Bradley inked a three-year free agent contract with the Cubs in the winter going into the 2009 season. He would last only one season in Chicago. He had another confrontation with an umpire, this time Larry Vanover, that resulted in a two-game suspension. He forgot the number of outs during a June 12 game against the Twins. With runners on the corners, Bradley caught a fly ball for out number two, but flipped the ball into the stands. The runner on third was allowed to score and the runner on first base moved to third base. Bradley and then-manager Lou Piniella didn’t see eye-to-eye after Bradley beat up a Gatorade cooler. In mid-September, the Cubs suspended Bradley for the remainder of the season after criticizing the organization for not creating a “positive environment” and said, “you understand why they haven’t won in 100 years here.”

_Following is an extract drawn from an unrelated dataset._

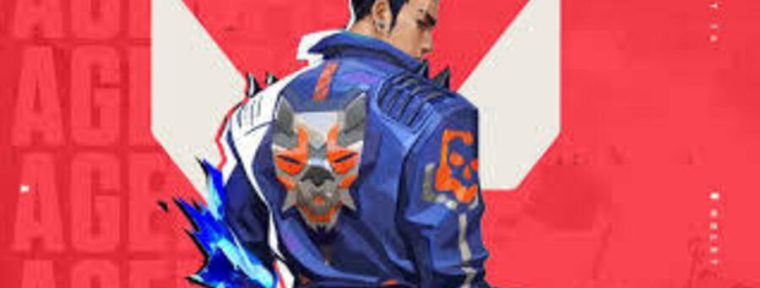 Valorant Singularity 2.0: подробности о новой коллекции скинов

The Mariners acquired Bradley from the Cubs in December 2009 in exchange for pitcher Carlos Silva and cash. During a May 2010 game, Bradley and manager Don Wakamatsu had words with each other after Bradley struck out in consecutive at-bats, including one with the bases loaded. Bradley left the stadium. Afterwards, Bradley asked the Mariners for help dealing with “emotional stress.” Bradley spent 15 games out of action, then returned to action. It was short-lived, as his season ended in late July due to a knee injury. The next season, which would prove to be his last, Bradley got off to an abysmal start, carrying a sub-.700 OPS into May. Bradley had one last confrontation with an umpire, getting ejected in the eighth inning of a May 6 game against the White Sox for arguing balls and strikes with home plate umpire Mike Muchlinski. As a result of Bradley’s ejection, the Mariners couldn’t pinch-hit for catcher Miguel Olivo with the go-ahead run on third base in Chone Figgins. Olivo struck out and the Mariners went on to lose 3-2. Mariners fans booed Bradley for not hustling on several defensive plays the next day. The Mariners released him on May 16 and he never played again.
Bradley had his share of off-the-field incidents as well. Along with getting pulled over, as mentioned above, Bradley had a handful of domestic violence incidents in 2005, 2011, ’12, and ’13. A jury convicted him in 2013 of nine counts of physically attacking and threatening his first wife. He was sentenced to 32 months in prison and 52 weeks of anger management and domestic violence classes. Bradley’s wife died of cirrhosis of the liver later that year. In 2018, Bradley was charged with spousal battery against his second wife. He pleaded no contest, receiving a 36-month probation sentence, and was ordered to attend 52 more weeks of domestic violence counseling.
As Bradley’s problems with the Indians, Dodgers, Cubs, and Mariners indicate, he would have brought trouble with him wherever he went. The Dodgers were trying to put together a competitive roster in 2004 was a young player with a lot of talent. Many teams in the past have made similar mistakes, believing they could be the organization that finally gets the problematic player to straighten up. The Dodgers thought they could tame Bradley, but he has proven to be unable to be tamed.